After his accident, Lucchese spent more time with members of the 107th Street gang. Members of the gang stole wallets, burglarized stores, and engaged in other illegal activities. The 107th Street gang operated under the protection of Bronx–East Harlem family boss Gaetano "Tom" Reina. By the age of eighteen, Lucchese had started a window washing company in East Harlem; anyone refusing to use his window washing services would have their windows broken. Lucchese sometimes operated out of a political club off East 106th Street in East Harlem. By the early 1920s, Lucchese had become a strong ally of fellow mobster Charlie "Lucky" Luciano and became a top member of Gaetano Reina's crime family.

During Lucchese's criminal career he was only arrested six times; his first arrest was in 1920 and the last in 1935. He never served a lengthy prison sentence.

In 1920, Lucchese was arrested in Riverhead, Long Island, on grand larceny charges after stealing a car. During his booking, a police officer compared Lucchese's deformed hand with that of Mordecai "Three Finger" Brown, a popular Major League Baseball pitcher. The officer nicknamed Lucchese "Three Finger Brown", an alias that Lucchese always disliked.

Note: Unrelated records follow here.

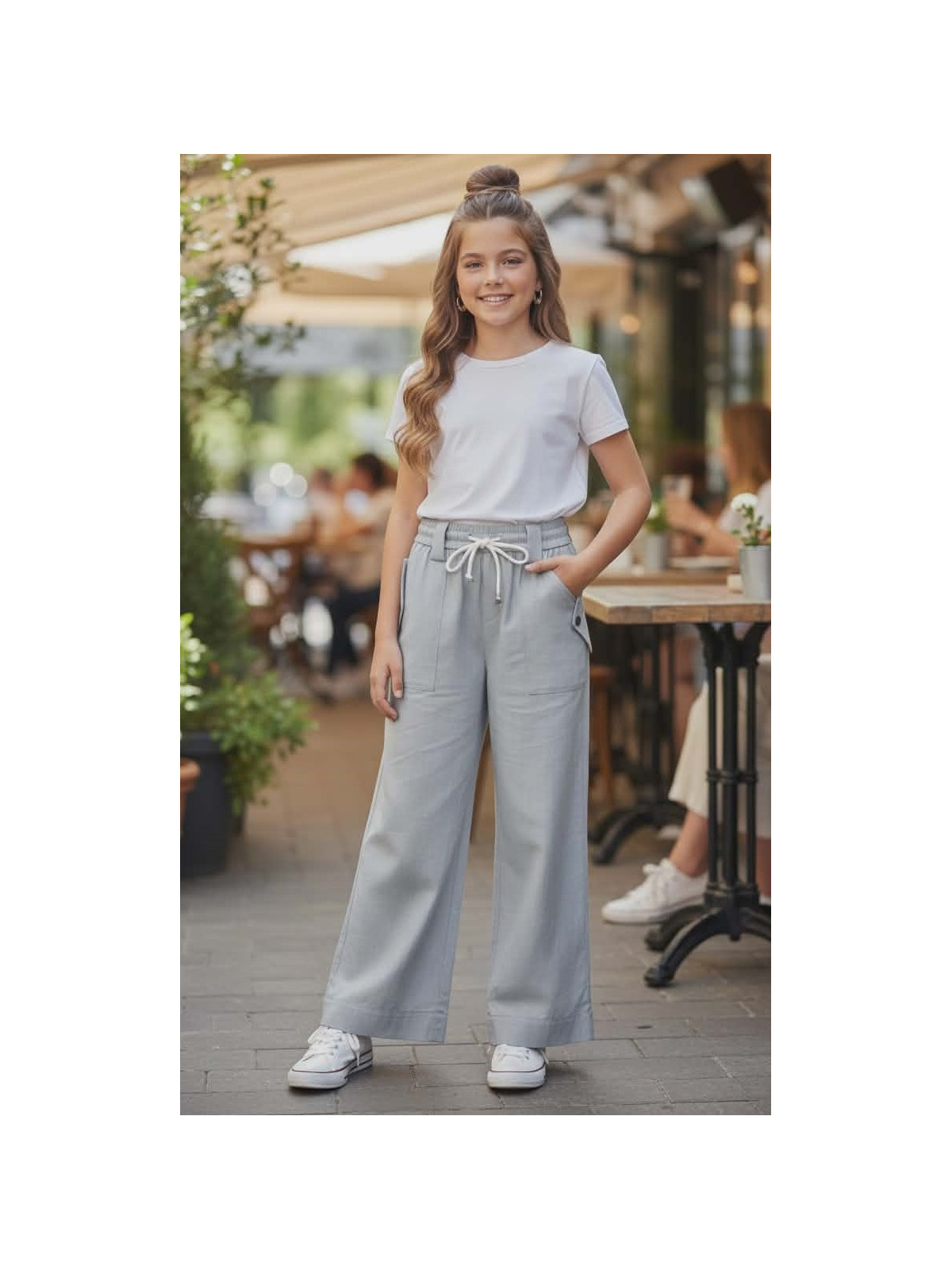 Dievčenské široké nohavice v páse na gumu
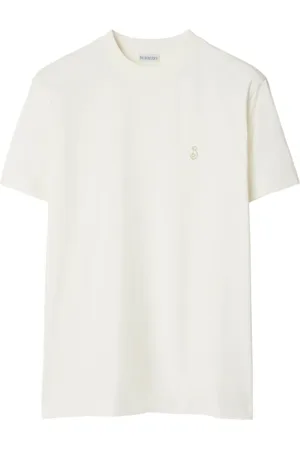 Burberry Top, Herre, Hvid, XL, Bomuld, Hvid Jersey T-shirt med Rund Hals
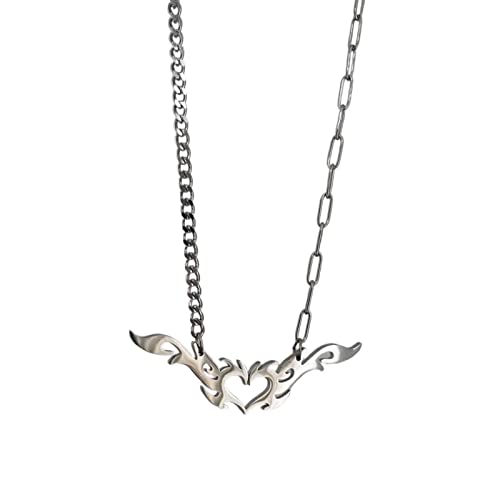 Watreketal Süße Coole Y2k Flammen Liebe Herz Anhänger Halskette Mode Punk Hip Hop Halskette Für Männer Frauen Schmuckzubehör Accessoires von Watreketal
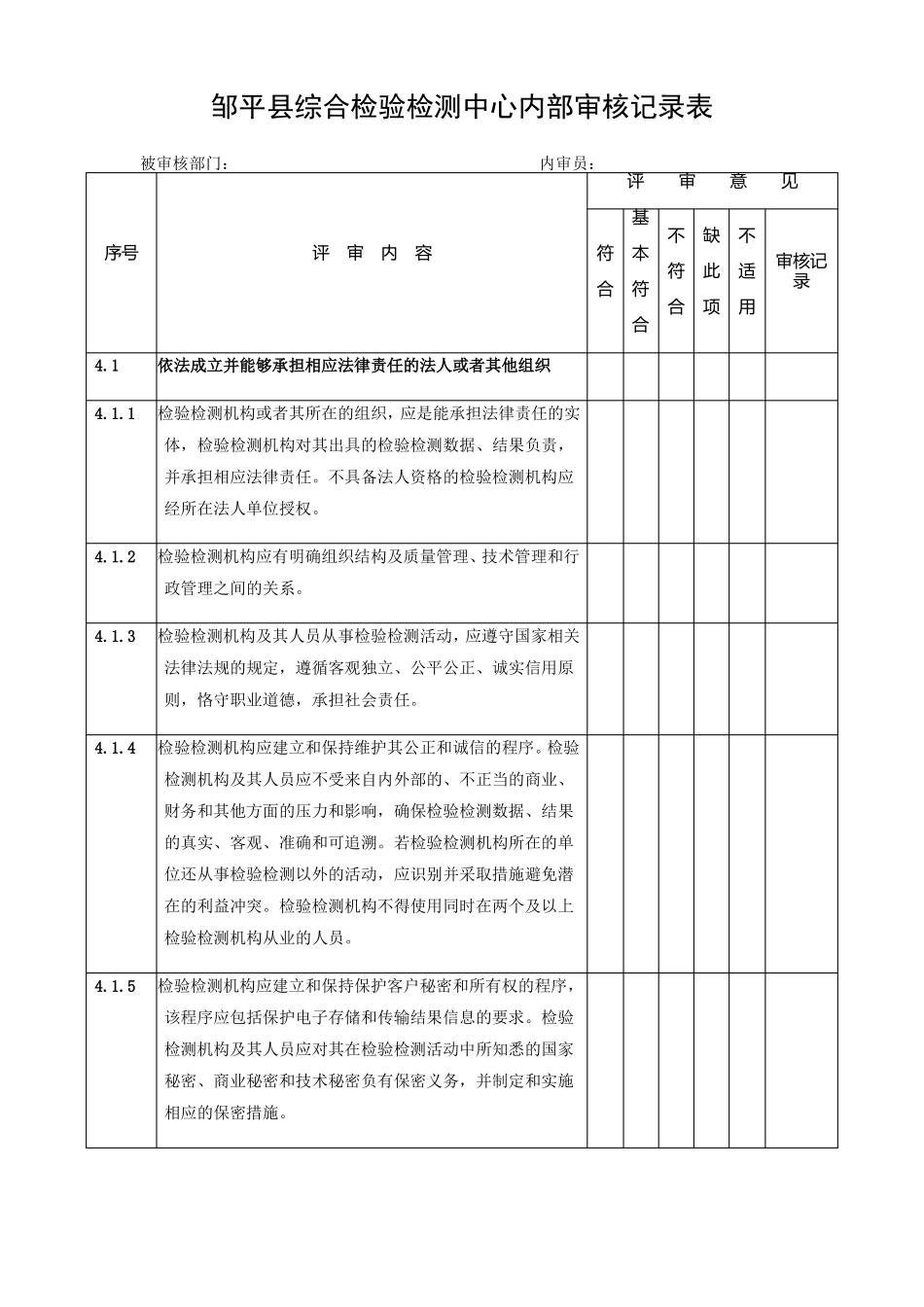 2017年检验检测机构内部审查记录表_第1页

In January 1921, Lucchese was convicted of auto theft and sentenced on March 27, 1922 to three years and nine months in prison. Lucchese served thirteen months at Sing Sing Correctional Facility before he was paroled. It would be Lucchese's only conviction.

Lucchese was released from prison in 1923, three years into prohibition. His old friends Charlie Luciano, Frank Costello, and Meyer Lansky had become partners with Jewish gangster Arnold "The Brain" Rothstein selling bootleg alcohol.

In August 1927, Lucchese was arrested under the alias of "Thomas Arra" and charged with receiving stolen goods. On July 18, 1928, Lucchese was arrested along with his brother-in-law, Joseph "Joe Palisades" Rosato, for the murder of Louis Cerasuolo; the charges were later dropped. Lucchese was arrested on three other occasions in his lifetime: in 1930 for murder, in 1931 as part of an investigation, and in 1935 for vagrancy, but in all three cases he was released and all charges were dropped.

==Castellammarese War==
In early 1931, the Castellammarese War broke out between Joe Masseria and Salvatore Maranzano. Maranzano triumphed after Luciano agreed to engineer the death of his boss, Masseria, in return for receiving Masseria's rackets and becoming Maranzano's second-in-command. After Masseria was shot dead April 15, 1931 at a meeting with Luciano at a restaurant called Nuova Villa Tammaro on Coney Island Luciano took over Masseria's family.

Maranzano soon began, however, to plan Luciano's elimination as well. Later that summer Lucchese, who had become close with Maranzano, alerted Luciano that Maranzano had hired Vincent "Mad Dog" Coll to murder him, as well as his associates Vito Genovese and Frank Costello. Luciano responded by organizing a team to kill Maranzano first.

On September 10, 1931, when Maranzano summoned Luciano, Genovese, and Costello to a meeting at his office, they knew Maranzano would kill them there. Instead, Luciano sent four Jewish gangsters whose faces were unknown to Maranzano's people to Maranzano's office, posing as IRS agents. After Lucchese identified Maranzano with a movement of his head the gunmen took Maranzano into his private office, where he was murdered. As Lucchese and the four hitmen fled the scene after Maranzano's death they crossed paths with Coll, who had come to Maranzano's office to kill Luciano, Genovese, and Costello instead.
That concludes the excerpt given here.